# Should the Camera Van be at HMC?



## mighTy Tee (Jul 10, 2002)

*Should the Police Safety Partnership be at HMC?*​
Yes3678.26%No Opinion510.87%No510.87%


----------



## mighTy Tee (Jul 10, 2002)

Some strong opinions on the other thread but is it just a few members who are against it?


----------



## YELLOW_TT (Feb 25, 2004)

i dont have a problem with it it is a chance for both sides to have there say it will only be a display and not working


----------



## smug (Nov 3, 2003)

Keep your Friends close,

Keep your Enemys closer :wink:


----------



## mighTy Tee (Jul 10, 2002)

Correct me if I am wrong.

You don't have to be a member of the TTOC to go to HMC?

Therefore this is not a TTOC issue but and I would agree borderline either a TT issue or Off Topic.

More forum moderation for the sake of it :?


----------



## ronin (Sep 6, 2003)

They showed at the AMD rolling road, nice fellas and a good laugh, what other situation could you have to be allowed to drive your car past them and see who get the highest speed?


----------



## Dont I Recognise You (Oct 10, 2003)

mighTy Tee said:


> Correct me if I am wrong.
> 
> You don't have to be a member of the TTOC to go to HMC?
> 
> ...


But it is *specifically* about a TTOC organised event 

(and no, it wasn't me who moved it - but only cos 1 of the other mods beat me to it )


----------



## mighTy Tee (Jul 10, 2002)

Don't I Recognise You? said:


> mighTy Tee said:
> 
> 
> > Correct me if I am wrong.
> ...


Sorry Wayne but I still think it is petty moderation.

The subject fits into several forum groups here, including the one I put it in.

As a regular forum user (with 3 years experience of this forum), there seems IMO to be a trend of moving/moderating stuff on a whim.

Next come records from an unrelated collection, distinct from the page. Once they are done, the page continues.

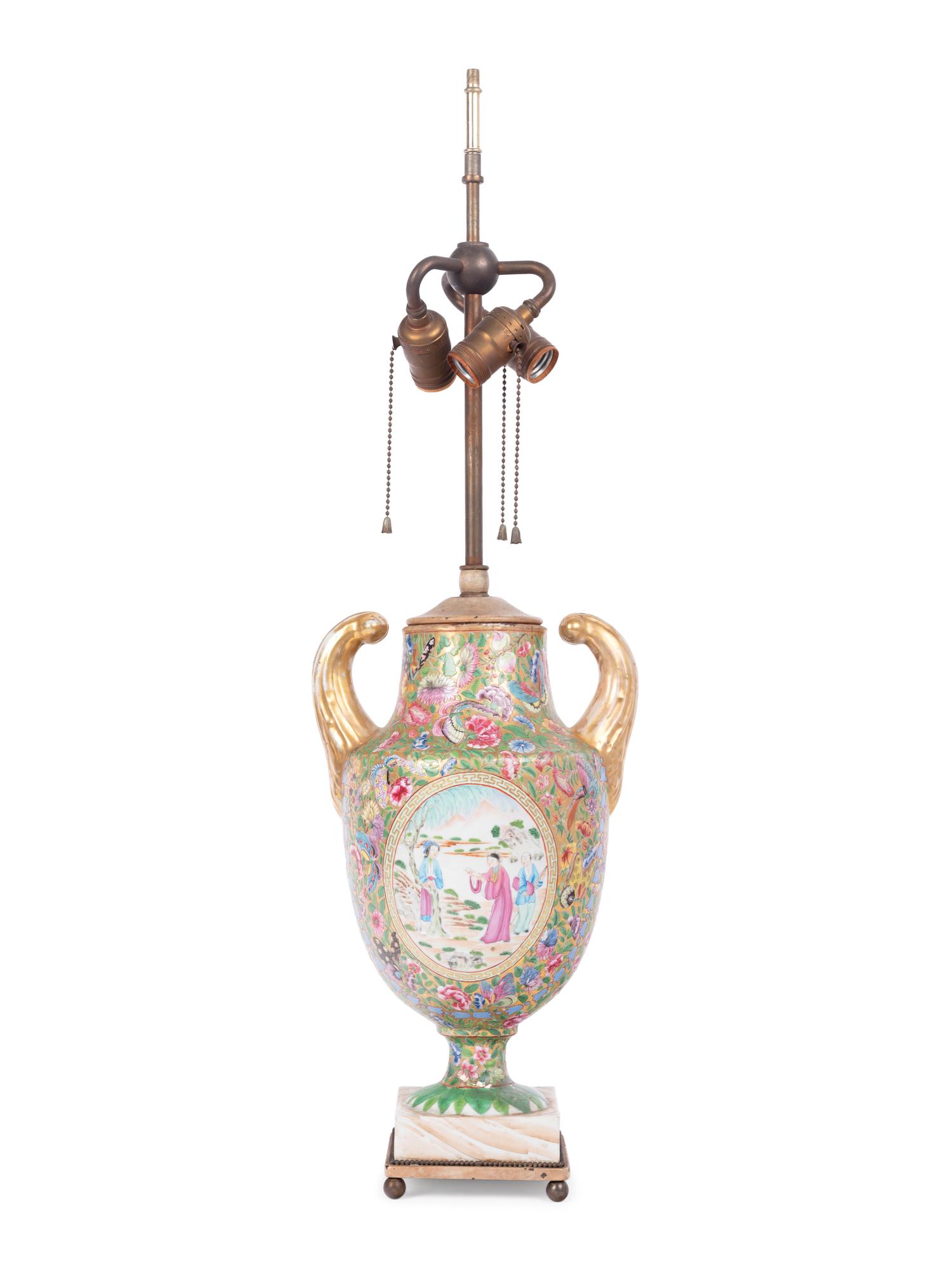 A Chinese Export Parcel Gilt and Faux Marble Decorated Famille Rose Porcelain Pistol-Handled Urn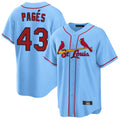 Ldoa St. Louis Cardinals #43 Pedro Pages Player Light Blue Home Game Stitched Jerseys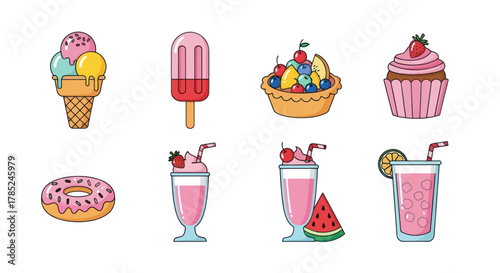 Assortment of sweet treats and drinks with colorful illustrations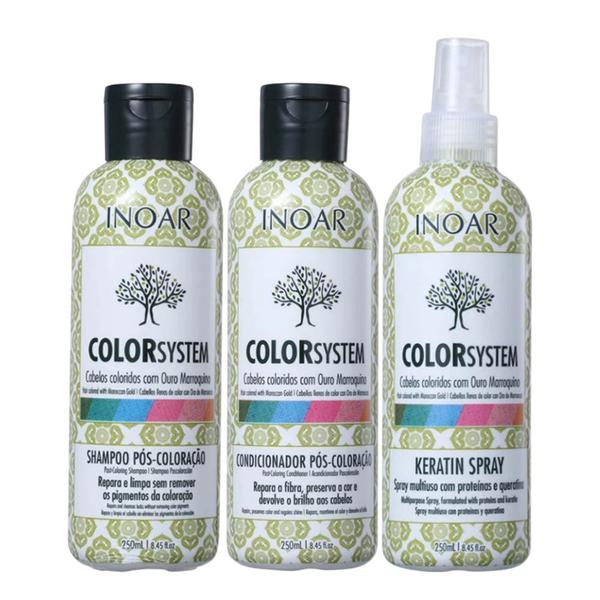 INOAR Kit Color System Shampoo Condicionador e Keratin Spray Pós-Coloração - 3x250ml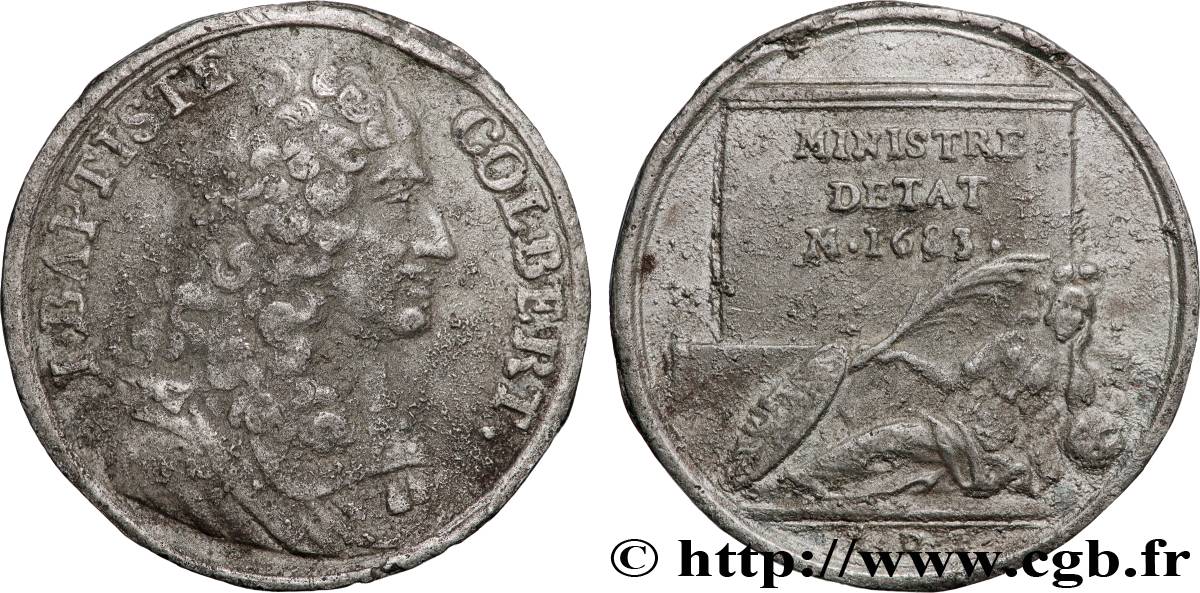 LOUIS XIV LE GRAND OU LE ROI SOLEIL Médaille, Jean-Baptiste Colbert TTB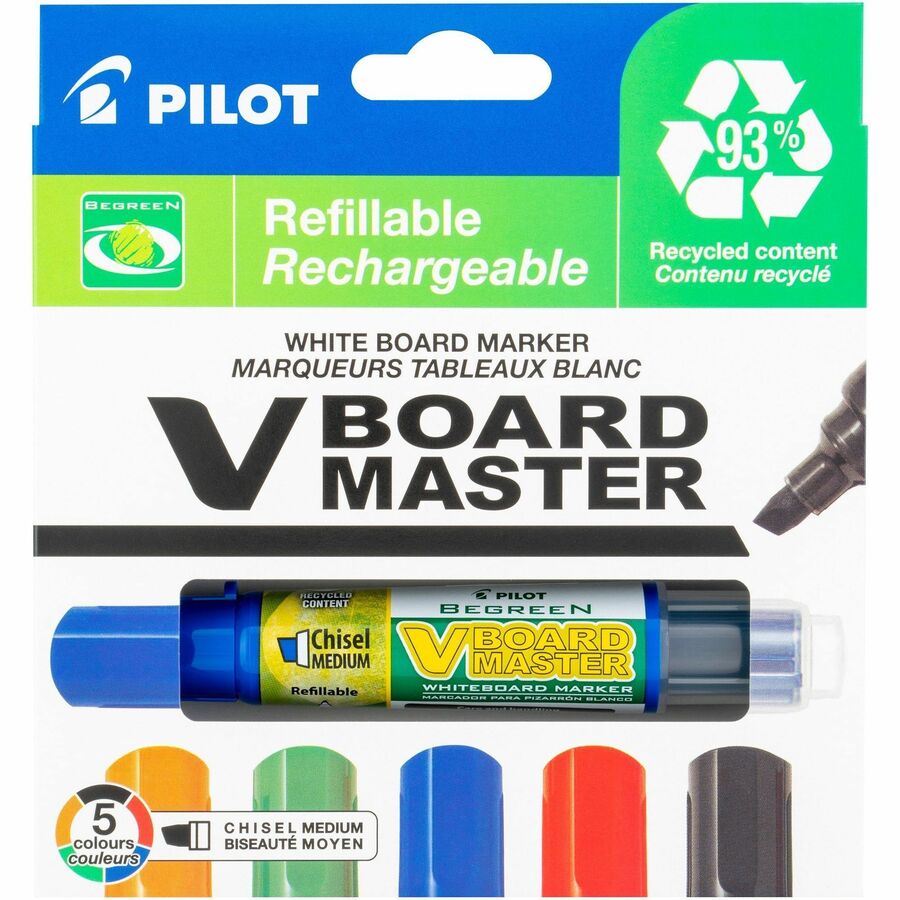 Pilot BeGreen Refillable VBoard Dry-erase Marker - Refillable - Orange, Green, Blue, Black, Red Ink - 5 / Pack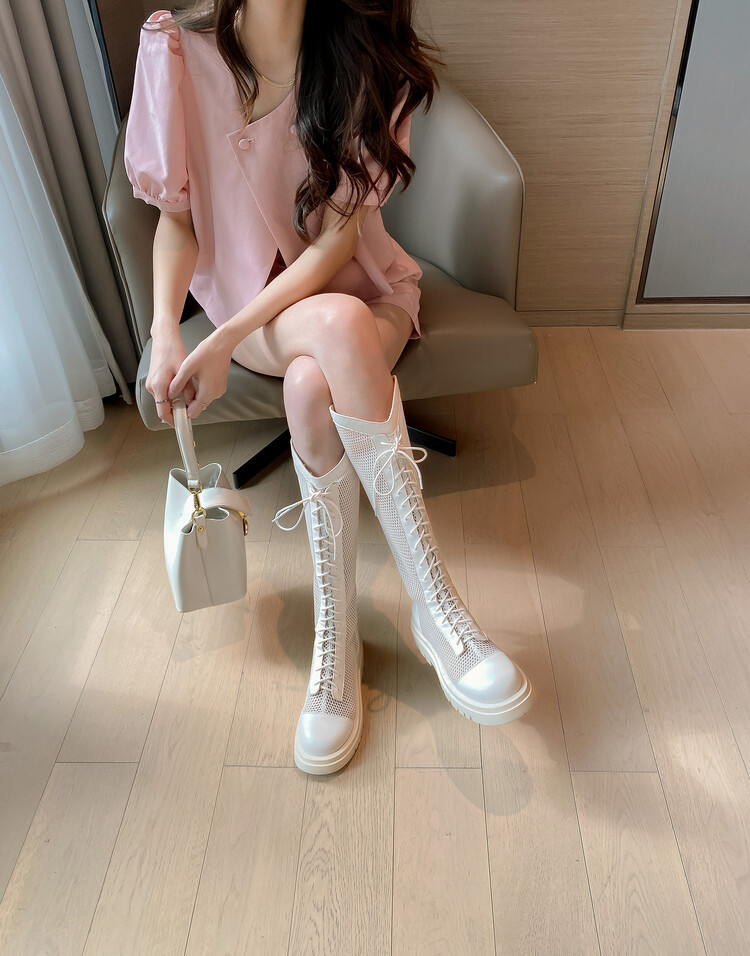 Boot lưới da thật cổ cao đế dày thoáng khí mùa xuân hè phong cách kỵ sĩ buộc dây — Màu nâu ống lớn, Màu đen cổ ống lớn, Ống nhỏ màu đen, Ống nhỏ màu be chi tiết 16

This is not a personal dig at you Wayne. A recent thread highlighted how it is one rule for a moderator (and was not moderated by other moderators) and another rule for active members.

This is petty supidity and does little for the reputation of the TTF or TTOC.

[cynical] Was this done because I had a bit of a lively debate recently with a moderator? [/cynical]

I have now said my bit and regard the subject closed.


----------



## clived (May 6, 2002)

Richard, I moved it. Thank you for your kind words.



mighTy Tee said:


> Correct me if I am wrong.
> 
> You don't have to be a member of the TTOC to go to HMC?
> 
> ...


Richard,

The only people that could have / can change in the future what happens at TTOC events are the TTOC committee as directed by the TTOC membership. What non-TTOC members think on this issue will not guide what the TTOC committee organises. What TTOC members think, very much will. The poll is nothing to do with a owning or running a TT OTHER than it relates to a TTOC event.

I did not move the post "on a whim". It was clear to me that for a discussion of TTOC policy (I assume the point of your thread is that you either agree or disagree with it being there and would therefore like to see a change or status quo kept) about a TTOC event, there was a more appropriate forum than the main TT Forum.


----------



## jock (May 12, 2002)

Why not it keeps them off the streets for the day! :lol:


----------



## M T Pickering (Aug 11, 2004)

Did you see the queue on Sunday to chat to the Police! :lol:

Shocking :wink:


----------